Bulk Log import with record_statistics=0 not working


#1

Hi - we have been trying to setup Piwik 2.2.1 as described here: How do I configure Piwik Tracking for high reliability? - Analytics Platform - Matomo

Our setup uses nginx and we have a script that parses log files and imports the relevant GETs to piwik.php? using the import_logs.py file with --replay-tracking

The problem we have is that if record_statistics is set to 0, as suggested in the documentation, import_logs.py does not write anything to the database. With record_statistics =1, log import works just fine.
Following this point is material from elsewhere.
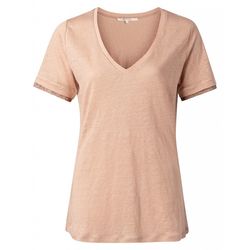 Yaya V-neck tee with woven cuffs - pink (51316)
This can also be seen if we try something like:


curl -i -X POST -d '{"requests":["?idsite=2&url=http://example.org&action_name=Test bulk log Pageview&rec=1","?idsite=2&url=http://example.net/test123.htm&action_name=Another bulk page view&rec=1"]}' http://xx.xxx.xxx.xxx/piwik.php

and we get a response of


<pre>DEBUG Piwik\Common[2014-05-07 22:00:30] [0231e] The request is invalid: empty request, or maybe tracking is disabled in the config.ini.php via record_statistics=0</pre>

Once we set record_statistics = 1 it all works fine.

Now, the question is: Is this a bug for 2.2.1 or is this expected behaviour and the documentation should be updated to reflect this.

Thanks!


(Matthieu Aubry) #2

Thank you for the report. That’s a documentation bug indeed. I’ve updated doc at: How do I configure Piwik Tracking for high reliability? - Analytics Platform - Matomo

[quote=doc]

On the Piwik tracking server(s), disable synchronous tracking in the config file: in config.ini.php, below the [Tracker] section, set: record_statistics=0

[…]

To import the log file, in the Piwik server running the import, edit config.ini.php, and below the [Tracker] section, set:

record_statistics=1
[/quote]

is it more clear now?


#3

Great - thanks for the speedy response and update to documentation!

Am I right in assuming that the setup implies having multiple piwik nodes of which just one is actually able to track_statistics and that host is not hit by the tracker on sites?

If we use this setup on just on Piwik node it means that the moment we switch on track_statistics not only would we be dealing with the increased load of importing and archiving but we would also be receiving statistics in real time from the sites that we track.